Khalid added 5 commits January 26, 2026 01:37
- Add QueryContext method to DuckDB wrapper for timeout support
- Add queryTimeout field to QueryHandler using server.read_timeout
- Return HTTP 504 "Query timed out" when timeout is exceeded

When S3 becomes unavailable, queries now respect the configured
read_timeout instead of hanging for 120+ seconds waiting for
DuckDB's internal HTTP timeout.
Changes:
1. Add dedicated query.timeout config instead of reusing server.read_timeout
   - New config: query.timeout (default: 30 seconds, 0 = no timeout)
   - This separates HTTP layer timeout from query execution timeout

2. Apply timeout to profiled queries
   - Add QueryWithProfileContext method to support context/timeout
   - QueryWithProfile now delegates to QueryWithProfileContext
   - Both profiled and non-profiled queries now respect timeout

3. Update main.go to use cfg.Query.Timeout instead of cfg.Server.ReadTimeout

Addresses review feedback from xe-nvdk on PR #152
- Apply query timeout to executeQueryArrow in query_arrow.go
- Apply query timeout to estimateQuery in query.go
- Both endpoints now return HTTP 504 on timeout
- Increment query_timeouts_total metric on timeout
Copy link
Copy Markdown
Member

@xe-nvdk xe-nvdk left a comment

Choose a reason for hiding this comment

The reason will be displayed to describe this comment to others. Learn more.

All feedback addressed. Implementation is complete:

  • Dedicated query.timeout config (default 300s)
  • QueryWithProfileContext for profiled queries
  • Arrow endpoint timeout support
  • Estimate endpoint timeout support
  • query_timeouts_total metric
  • 504 Gateway Timeout responses

Ready to merge.

@xe-nvdk xe-nvdk merged commit 50bbb55 into Basekick-Labs:main Jan 25, 2026
xe-nvdk added a commit that referenced this pull request Jan 25, 2026
Documents the new query.timeout configuration for preventing
indefinite hangs during S3 disconnection.
xe-nvdk added a commit that referenced this pull request Feb 1, 2026
## New Features

### InfluxDB Client Compatibility
Arc's Line Protocol endpoints now use the same paths as InfluxDB, enabling drop-in compatibility with all official InfluxDB client libraries (Go, Python, JavaScript, Java, C#, PHP, Ruby, Telegraf, Node-RED).

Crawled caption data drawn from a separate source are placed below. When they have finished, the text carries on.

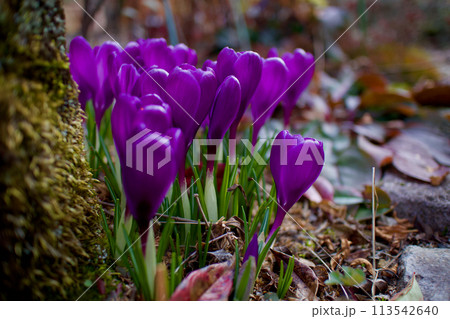 春の目覚め、クロッカスの花盛り、紫の花言葉は「愛の後悔」ギリシア神話のラブストーリーになぞらえて 113542640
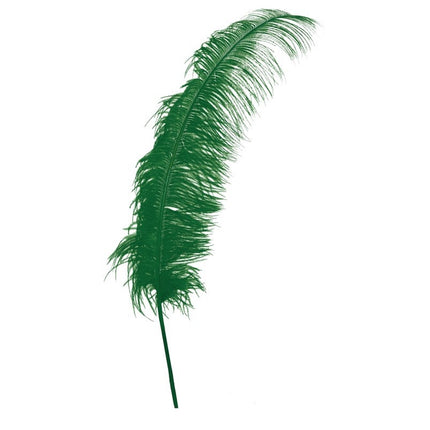 Plumes d'autruche vertes 50cm 12pcs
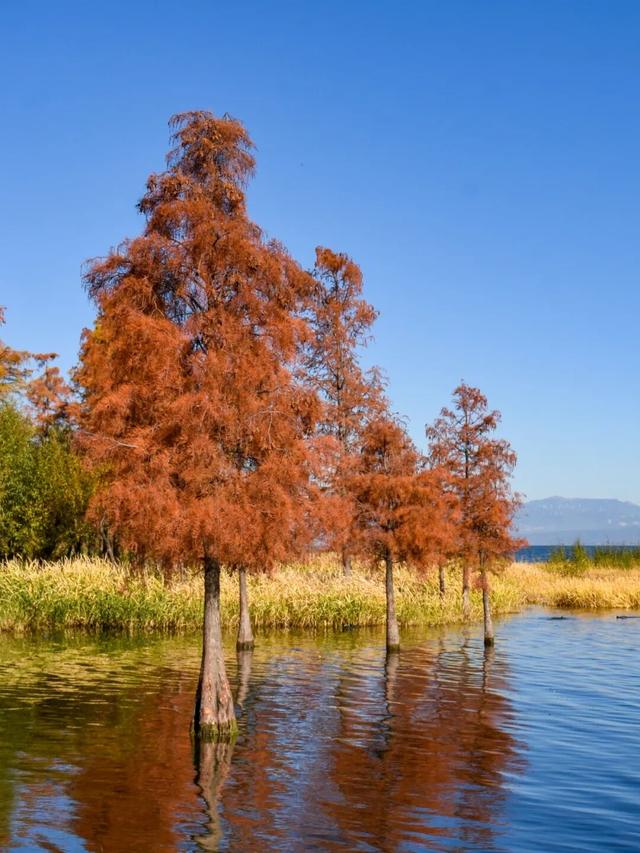 看，此刻的大理！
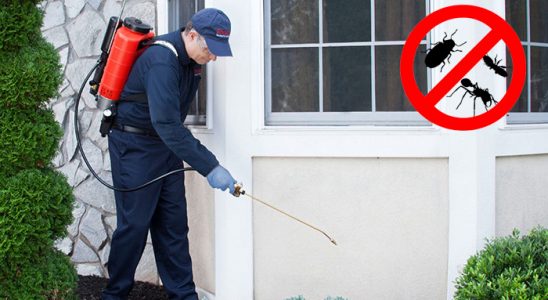 Dodurga Kene İlaçlama böcek ilaçlama ve haşere kontrolü — ilaclama-tr.com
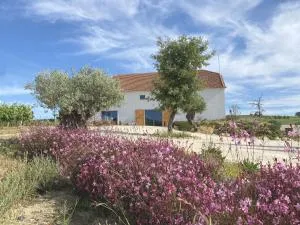 Cas'Amaro - Alenquer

- `/api/v1/write` → `/write` (InfluxDB 1.x clients, Telegraf)
- `/api/v1/write/influxdb` → `/api/v2/write` (InfluxDB 2.x clients)
- Arc-native endpoint `/api/v1/write/line-protocol` preserved
- Supports Bearer token, Token header, API key header, and query parameter authentication

### MQTT Ingestion Support
Native MQTT subscription for IoT and edge data ingestion. Connect directly to MQTT brokers without requiring additional infrastructure.

- Subscribe to multiple MQTT topics with wildcard support (`+`, `#`)
- Dynamic subscription management via REST API
- TLS/SSL connections with certificate validation
- Authentication via username/password or client certificates
- Connection auto-reconnect with exponential backoff
- Per-subscription statistics and monitoring
- Passwords encrypted at rest
- Auto-start subscriptions on server restart

### S3 File Caching via cache_httpfs Extension (PR #149)
Optional in-memory caching of S3 Parquet files via DuckDB's `cache_httpfs` community extension. 5-10x query performance improvement for workloads with repeated file access (CTEs, subqueries, Grafana dashboards).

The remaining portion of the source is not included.